El pecador injuria, deshonra a Dios y, además, en cuanto es de su parte, le colma de amargura, pues no hay amargura más sensible que la de verse pagado con ingratitud por una persona amada y en extremo favorecida. ¿Y a qué se atreve el pecador?... Ofende a un Dios que le creó y le amó tanto, que dio por su amor la Sangre y la vida. Y el hombre le arroja de su corazón al cometer un pecado mortal. Dios habita en el alma que le ama. “Si alguno me ama..., mi Padre le amará, y vendremos a él y haremos morada en él” (Jn. 14, 23).

Notad la expresión haremos morada. Dios viene a esa alma y en ella fija su mansión: de suerte que no la deja, a no ser que el alma le arroje de sí. “No abandona si no es abandonado”, como dice el Concilio de Trento. Y puesto que Vos sabéis, Señor, que aquel ingrato ha de arrojaros de sí, ¿por qué no le dejáis desde luego? Abandonadle, partid antes que se os haga esa gran ofensa... No, dice el Señor; no quiero dejarle, sino esperar a que él mismo me despida.

De suerte que, apenas el alma consiente en el pecado, dice a su Dios (Jb. 21, 14): Señor, apartaos de mí. No lo dice con palabras, sino con hechos, como advierte San Gregorio. Harto sabe el pecador que Dios no puede vivir con el pecado. Bien ve que si peca tiene Dios que apartarse de él. De modo que, en rigor, le dice: Ya que no podéis estar con mi pecado y habéis de alejaros de mí, idos cuando os plazca.

Y al despedir a Dios del alma hace que en seguida entre el enemigo a tomar posesión de ella. Por la misma puerta por donde sale Dios entra el demonio. “Entonces va y toma consigo otros siete espíritus peores que él, y entran dentro y moran allí” (Mt. 12, 45).

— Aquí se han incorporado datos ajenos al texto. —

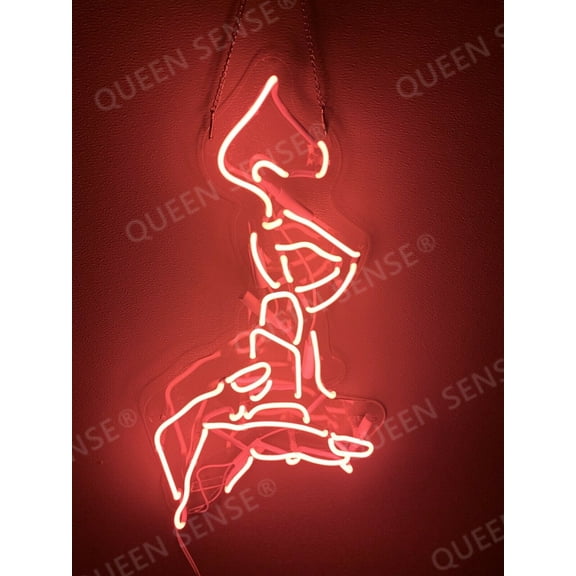 Queen Sense 24" Lips Lipstick Finger Neon Sign Outline Acrylic Panel With Dimmer Man Cave Handmade Neon Light 124LLSADIM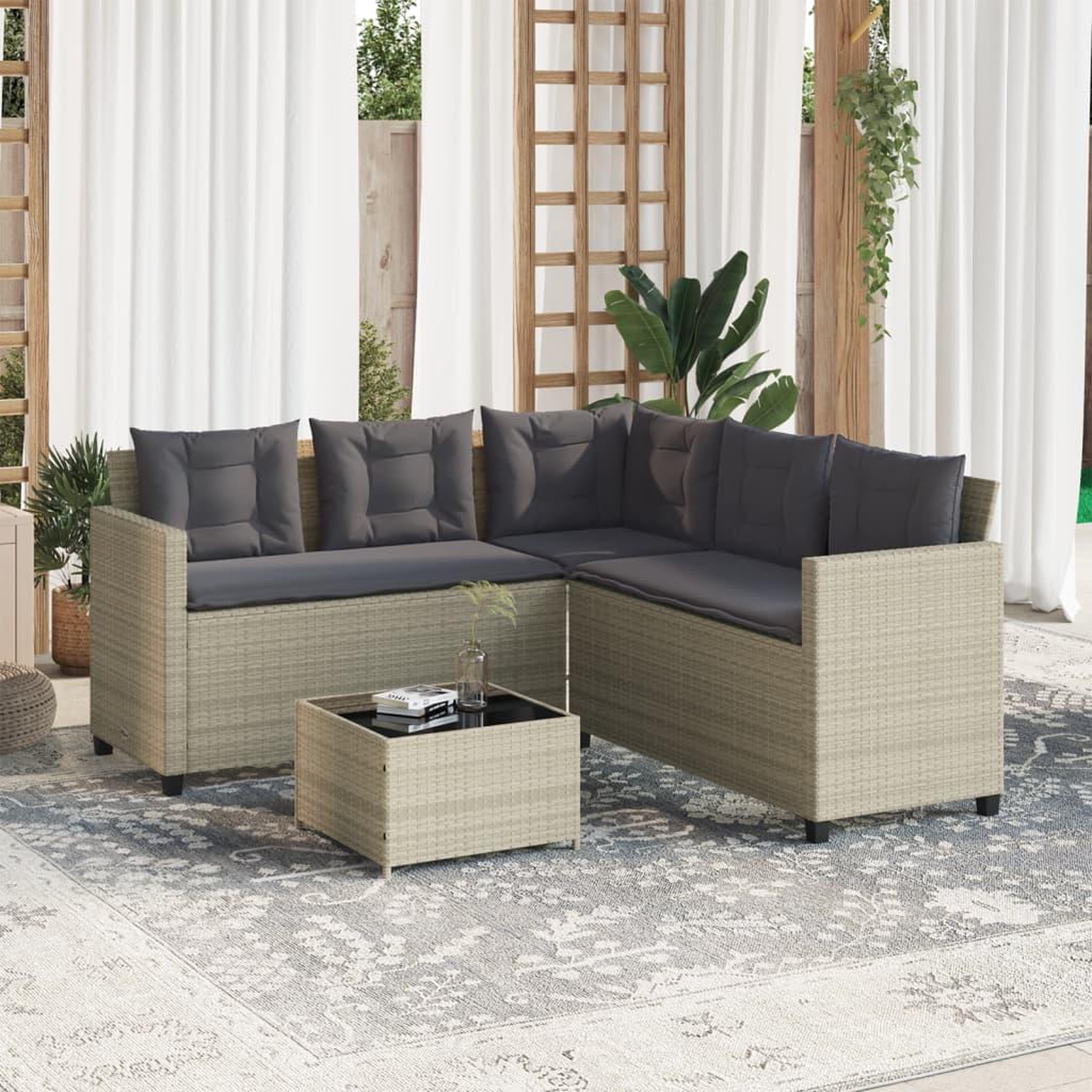 Voir la diapositive 3 : VIDAXL Canape de jardin et table et coussins en forme de L gris clair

Cuando se bautiza a un niño, el sacerdote exorciza al enemigo diciéndole: “Sal de aquí, espíritu inmundo, y da lugar al Espíritu Santo”; porque aquella alma del bautizado, al recibir la gracia, se convierte en templo de Dios (1Co. 3, 16). Pero cuando el hombre consiente en pecar, efectúa precisamente lo contrario, diciendo a Dios, que estaba en su alma: “Sal de aquí, Señor, y da lugar al demonio”.

De esto se lamentaba el Señor con Santa Brígida cuando le dijo que, al despedirle el pecador, procedía como si quitase al rey su propio trono: “Soy como un Rey arrojado de su propio reino; y en mi lugar se elige a un pésimo ladrón”.

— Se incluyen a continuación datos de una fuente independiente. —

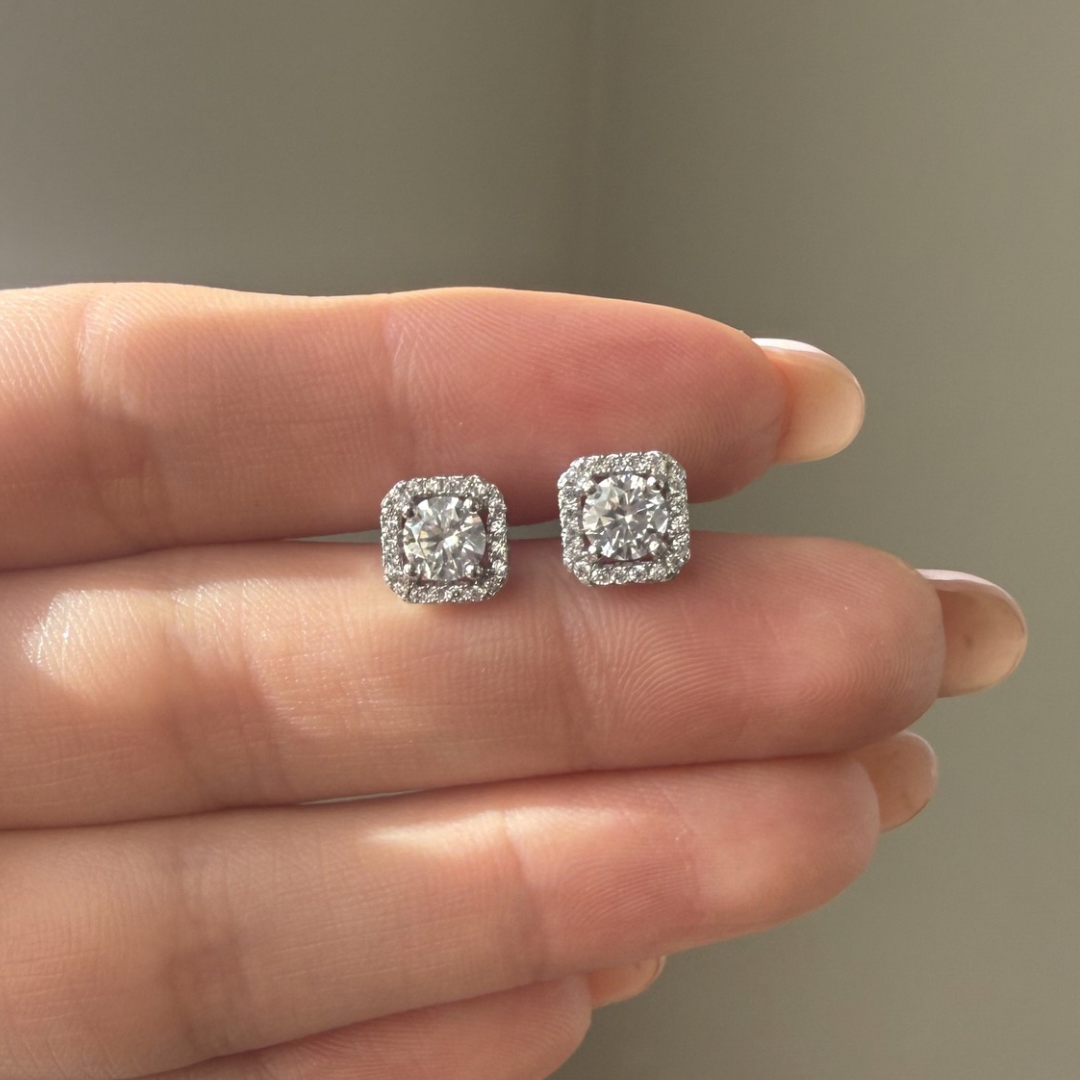 Aretes de moissanita y plata S925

¿Qué pena no sentiríais si recibieseis grave ofensa de alguien a quien hubieseis favorecido mucho? Pues esa misma pena causáis a Dios, que llegó hasta dar su vida por salvaros. Clama el Señor a la tierra y al Cielo para que le compadezcan por la ingratitud con que le tratan los pecadores: “Oíd, ¡oh Cielos!, y tú, ¡oh tierra!, escucha... Hijos creé y engrandecí..., pero ellos me despreciaron” (Is. 1, 2). En suma, los pecadores afligen con sus pecados al Corazón del Señor... (Is. 63, 10).

Dios no puede sentir dolor; pero –como dice el Padre Medina– si fuese posible que le sintiera, sólo un pecado mortal bastaría para hacerle morir, por la infinita pesadumbre que le causaría. Así, pues, afirma San Bernardo, “el pecado, por cuanto en sí es, da muerte a Dios”.

De manera que los pecadores, al cometer un pecado mortal, hieren, por decirlo así, a su Señor, y nada omiten para quitarle la vida, si pudieran. Y según dice San Pablo (He. 10, 29), pisotean al Hijo de Dios, y desprecian todo lo que Jesucristo hizo y padeció para quitar el pecado del mundo.